* Work instruction: Once you find the line below that contains "PIEDRAS DECORATIVAS JARDIN", write it out along with every later line exactly as given, stopping only when the records end. Omit the pictures.

* Data for the task:
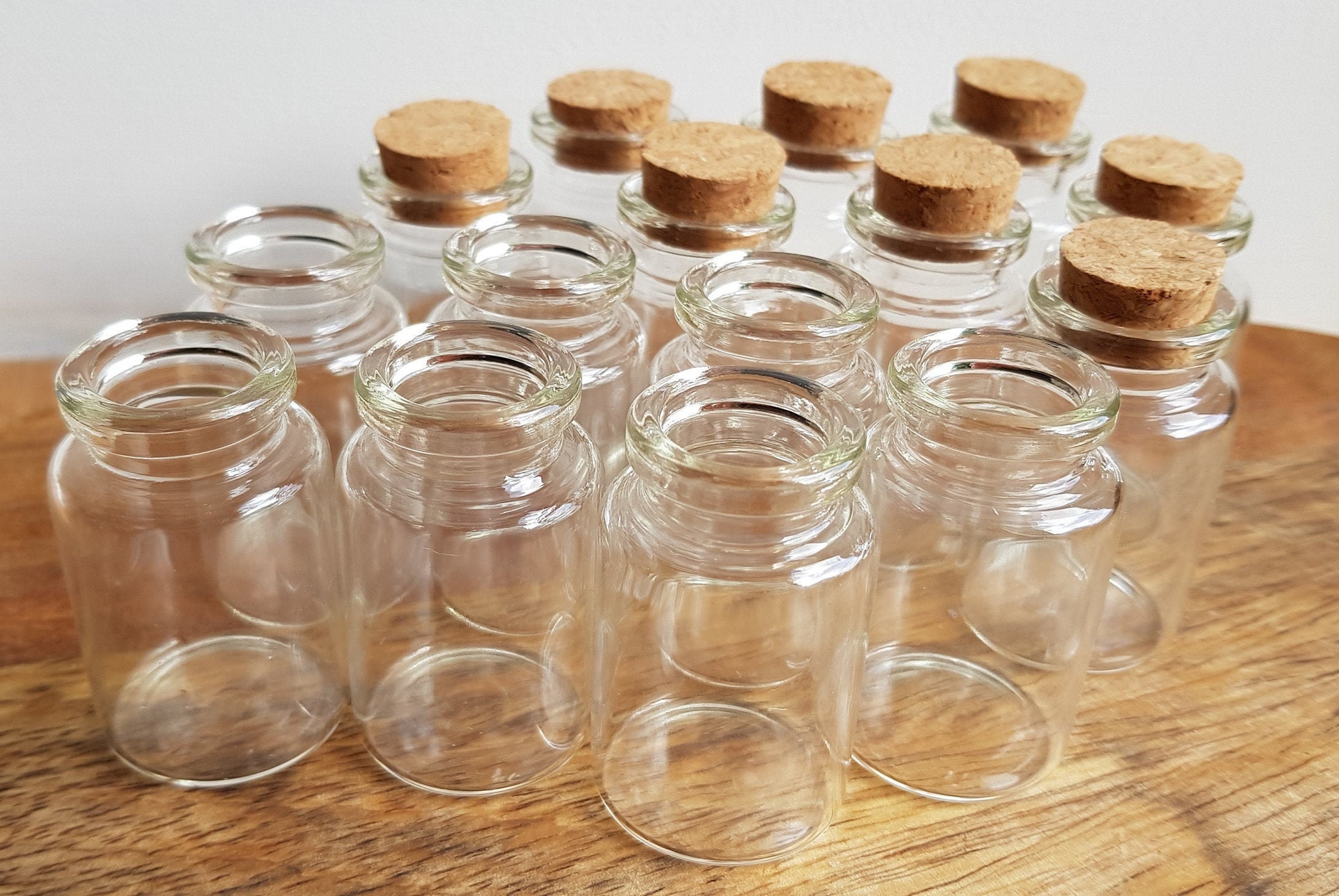 Pack of 50 small, empty glass bottles with cork, wedding favours, craft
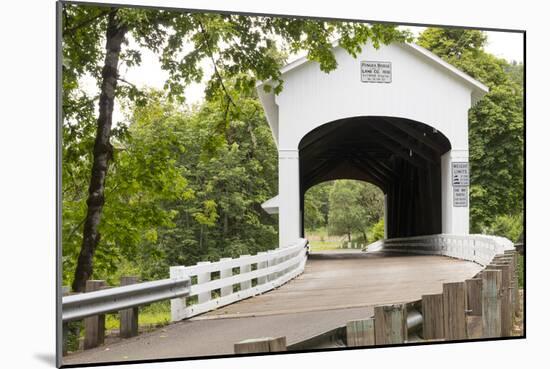 USA, Oregon, Lane County, Jasper, Place Road, Fall Creek. Pengra Covered Bridge-Emily Wilson-Mounted Photographic Print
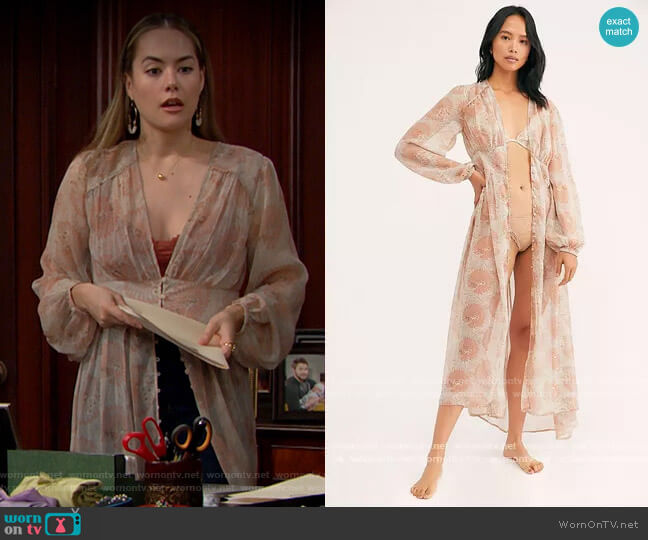 Free People Valerie Duster worn by Hope Logan (Annika Noelle) on The Bold and the Beautiful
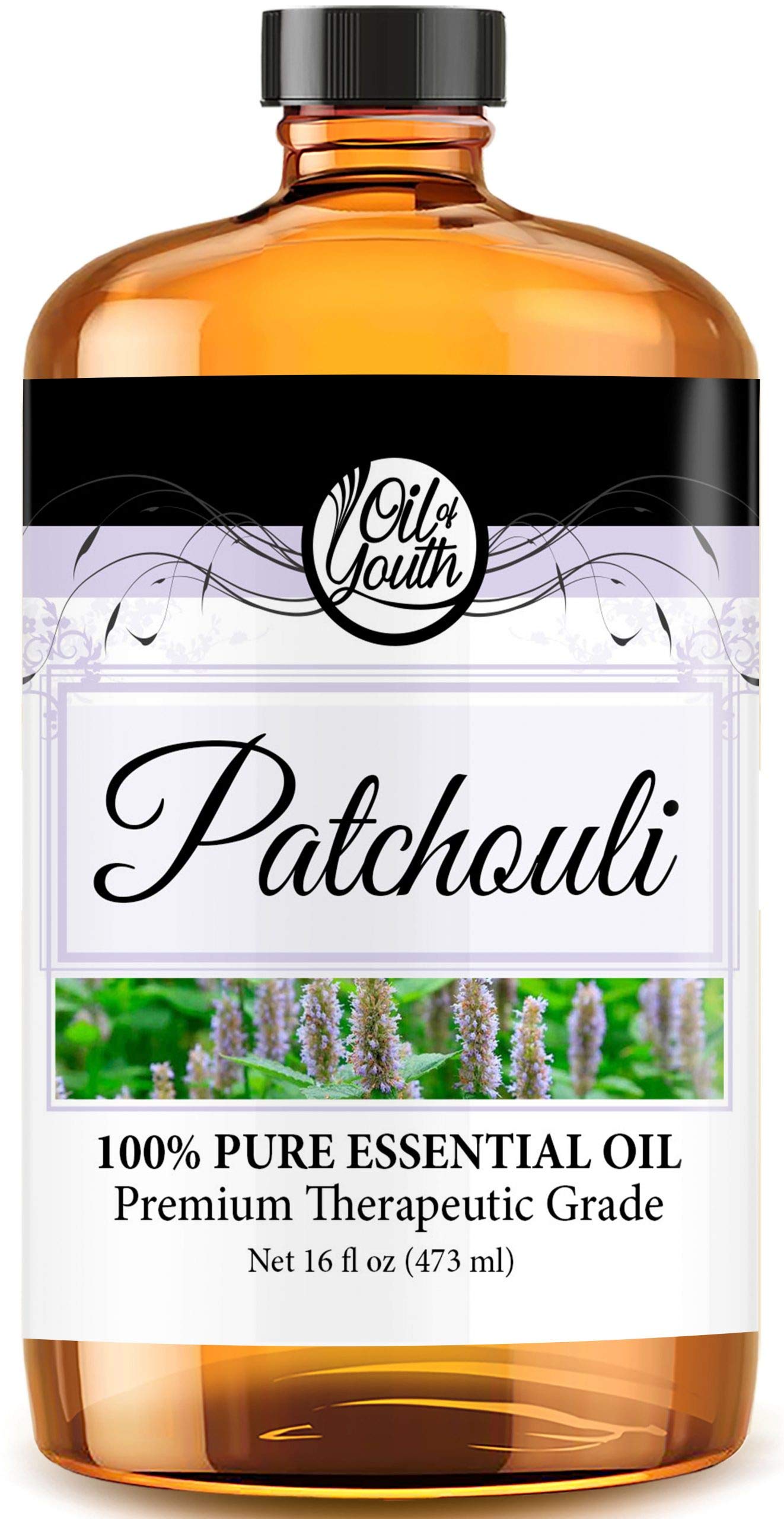 Youth Oil 16oz Patchouli Essential Oil - 100% Pure Natural Aromatherapy Oil for Diffuser, Massage & Skin Care - 16 Fluid Ounces
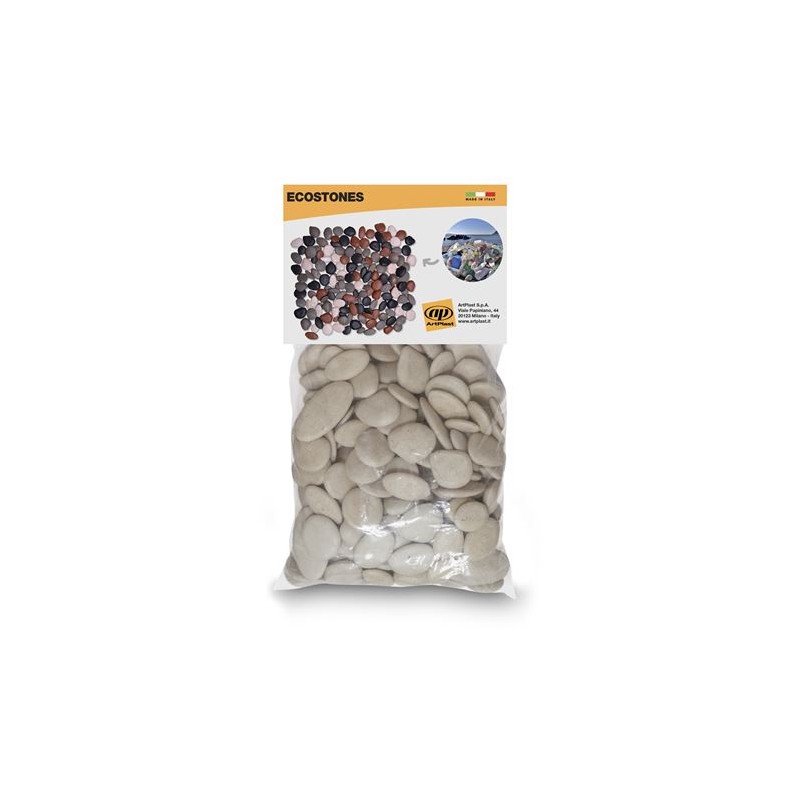 PIEDRAS DECORATIVAS JARDIN EN POLIPROPILENO REGENERADO 1KG BLANCO-GRIS CLAR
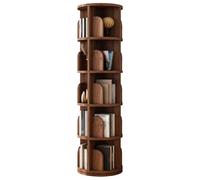 Multi-Layer 360° Rotating Bookshelf - Stackable Solid Wood Bookcase with Baffle Floor Standing Storage Rack for Bedroom Living Room & Home Office (Size: 162x46cm Color: A)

* Result:
 PIEDRAS DECORATIVAS JARDIN EN POLIPROPILENO REGENERADO 1KG BLANCO-GRIS CLAR
 Multi-Layer 360° Rotating Bookshelf - Stackable Solid Wood Bookcase with Baffle Floor Standing Storage Rack for Bedroom Living Room & Home Office (Size: 162x46cm Color: A)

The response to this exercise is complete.